Una Fraternidad Metafísica:
Escribió Martín Heidegger en Ser Y Tiempo que la metafísica (en especial desde «la muerte de Dios» enunciada medio siglo antes por Friedrich Nietszche) se había reducido al ente (la materia) y olvidado la razón de ser de la existencia en si misma. Algo de eso aconteció con la búsqueda del Ser Latinoamericano, un enigma que obsesionó a 10 generaciones de la Patria Grande y que, a partir de las teorías de la modernización, el Gino germanismo y la norteamericanización de las comunicaciones parece considerarse una antigualla olvidada en el desván de las nostalgias vintage.
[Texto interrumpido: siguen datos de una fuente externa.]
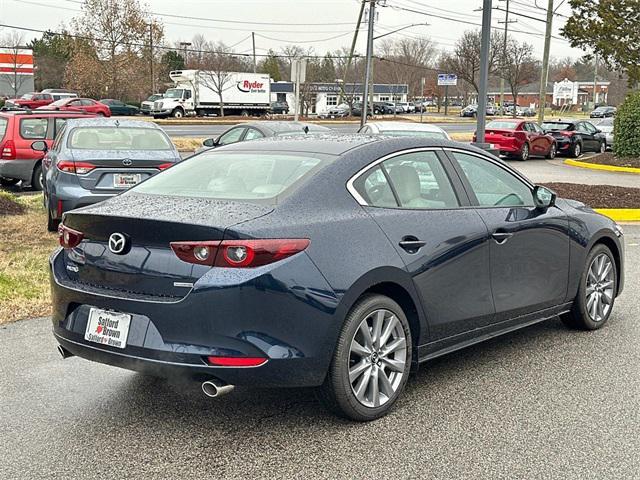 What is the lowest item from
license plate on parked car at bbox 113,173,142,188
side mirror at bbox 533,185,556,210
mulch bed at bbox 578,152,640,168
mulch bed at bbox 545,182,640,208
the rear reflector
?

La indiscutible proyección cosmopolita de Jorge Luis Borges, Alfonso Reyes, (con confesas simpatías y diferencias) Juan Rulfo u Octavio Paz, por nombrar sólo a los más conocidos, hace olvidar a menudo que estos autores ensayaron una auténtica y consciente metafísica del Sur del Rio Bravo con sus particularidades y sus contradicciones que fuera arrasada por la némesis del Terrorismo de Estado en todo el Subcontinente y la posterior imposición del neoliberalismo salvaje desde el Consenso de Washington.
De esta contra ontología de América Latina ( que engendró ¿como su opuesto? al pensamiento decolonial hispanoamericano) nos habla la muestra Borges y México realizada el jueves 13 de agosto en la sala Leopoldo Marechal de la Biblioteca Nacional Mariano Moreno.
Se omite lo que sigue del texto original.